#### Task to complete:
Repeat the entries below exactly as they appear, with no pictures.

(Dataset items)
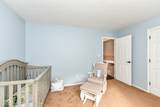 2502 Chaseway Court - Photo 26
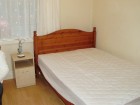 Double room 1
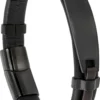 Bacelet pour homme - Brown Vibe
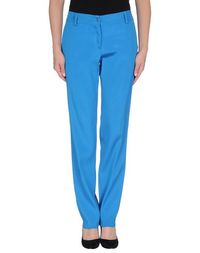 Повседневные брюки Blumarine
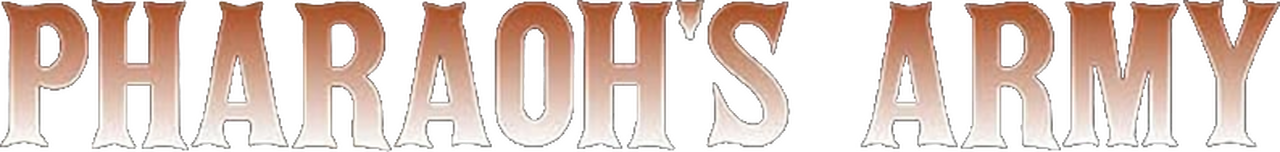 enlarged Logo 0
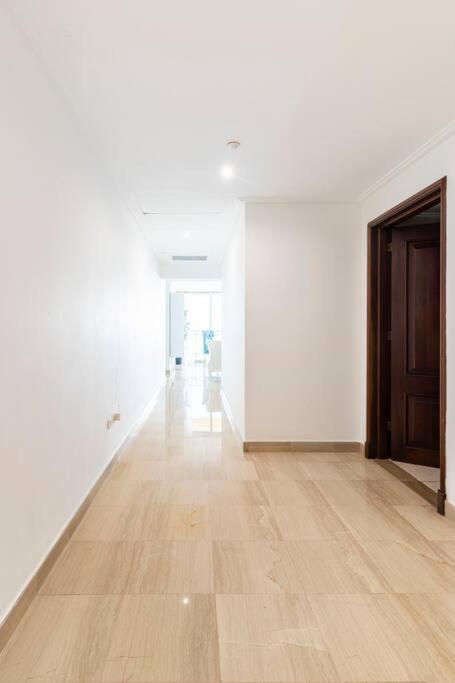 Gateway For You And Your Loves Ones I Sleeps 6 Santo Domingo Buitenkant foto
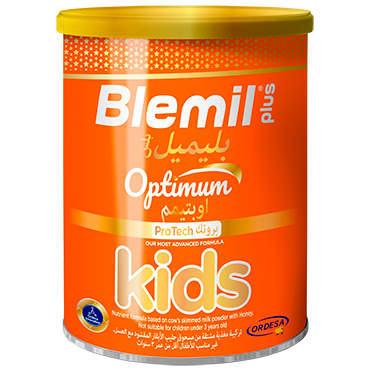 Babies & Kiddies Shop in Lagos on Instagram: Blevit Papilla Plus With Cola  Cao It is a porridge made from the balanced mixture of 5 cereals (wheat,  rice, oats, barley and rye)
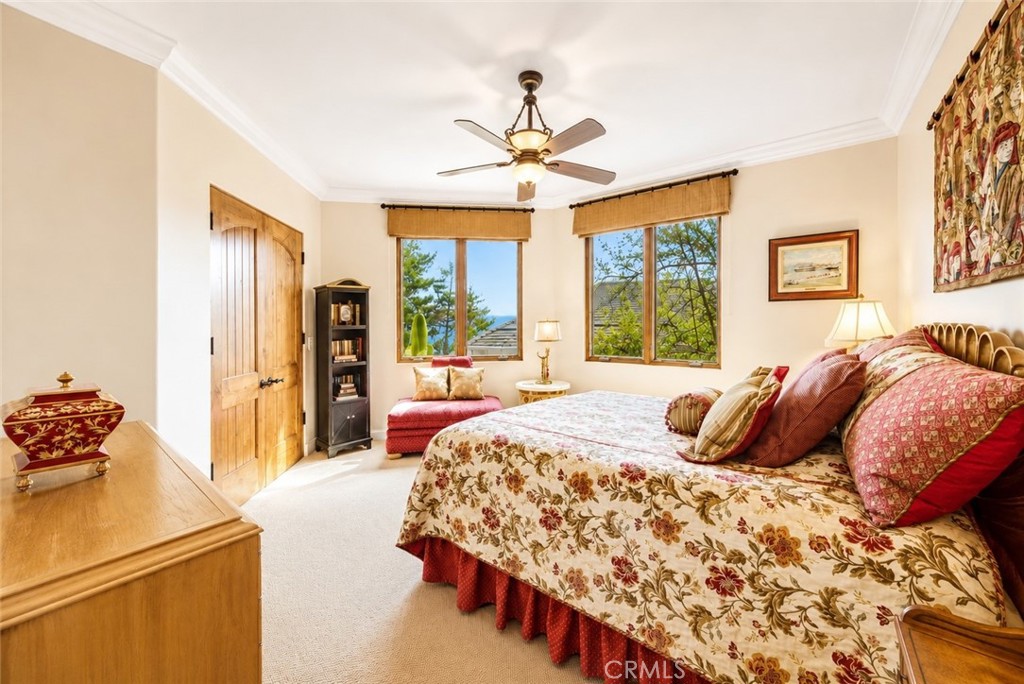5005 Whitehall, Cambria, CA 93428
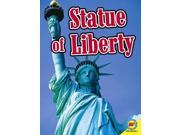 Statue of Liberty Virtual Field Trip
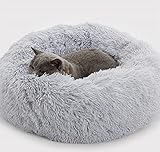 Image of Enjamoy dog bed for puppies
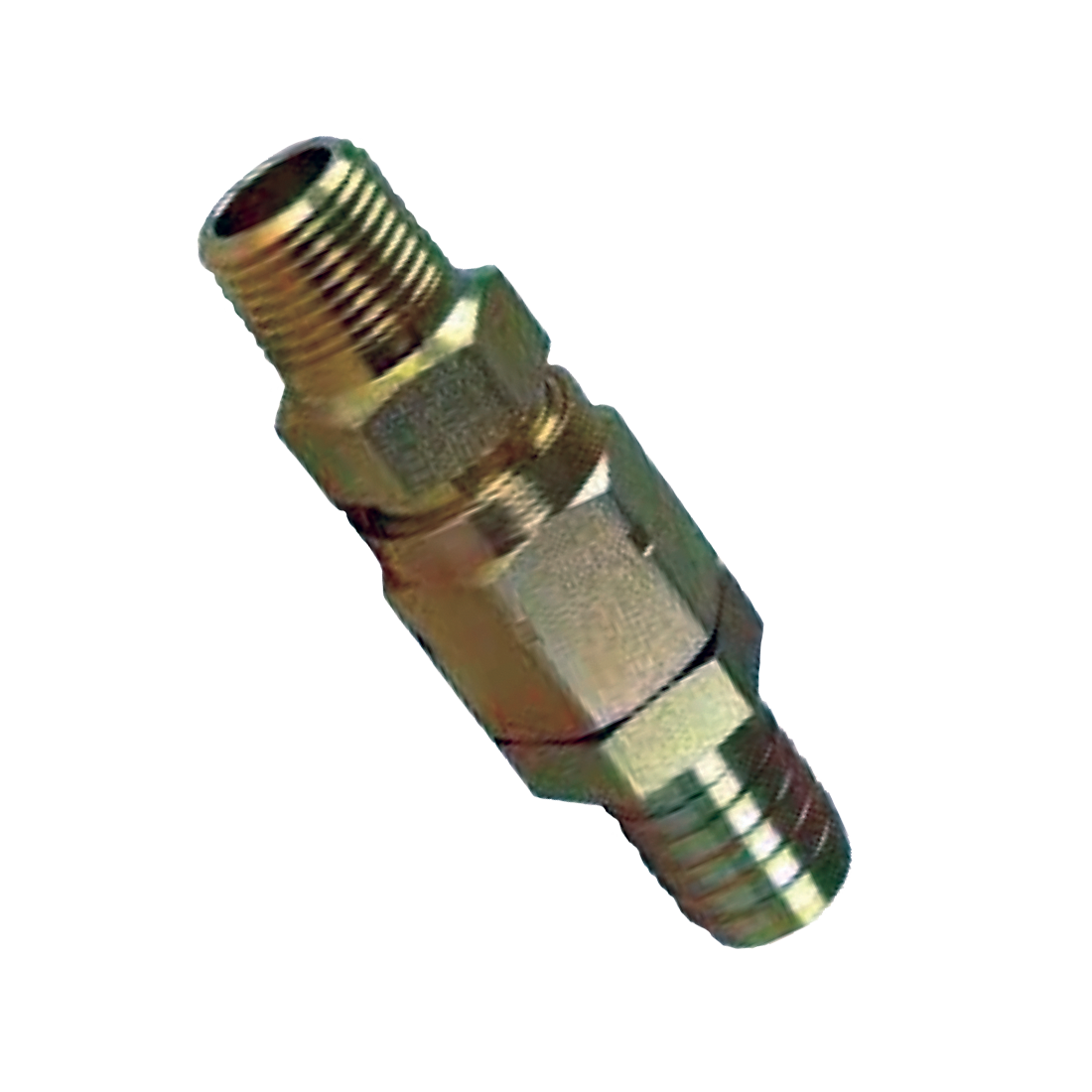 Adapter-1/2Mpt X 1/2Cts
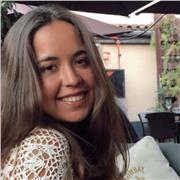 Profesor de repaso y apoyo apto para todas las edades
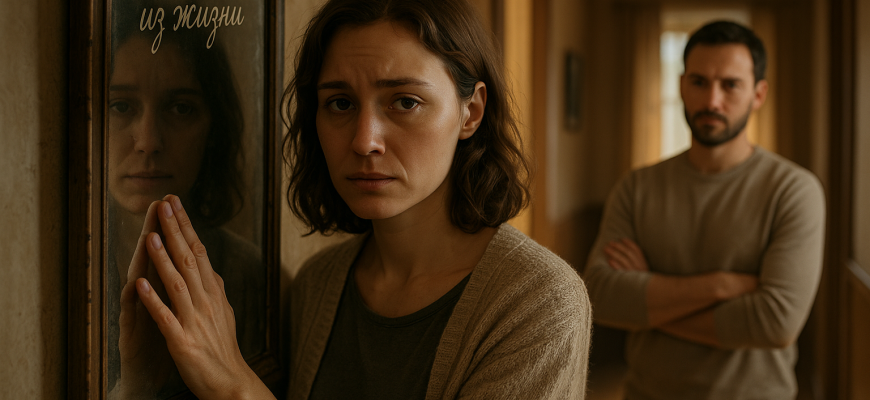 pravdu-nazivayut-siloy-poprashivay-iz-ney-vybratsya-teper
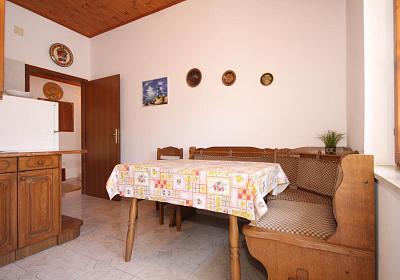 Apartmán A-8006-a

#### Task response:
 2502 Chaseway Court - Photo 26
 Double room 1
 Bacelet pour homme - Brown Vibe
 Повседневные брюки Blumarine
 enlarged Logo 0
 Gateway For You And Your Loves Ones I Sleeps 6 Santo Domingo Buitenkant foto
 Babies & Kiddies Shop in Lagos on Instagram: Blevit Papilla Plus With Cola  Cao It is a porridge made from the balanced mixture of 5 cereals (wheat,  rice, oats, barley and rye)
5005 Whitehall, Cambria, CA 93428
 Statue of Liberty Virtual Field Trip
 Image of Enjamoy dog bed for puppies
 Adapter-1/2Mpt X 1/2Cts
 Profesor de repaso y apoyo apto para todas las edades
 pravdu-nazivayut-siloy-poprashivay-iz-ney-vybratsya-teper
 Apartmán A-8006-a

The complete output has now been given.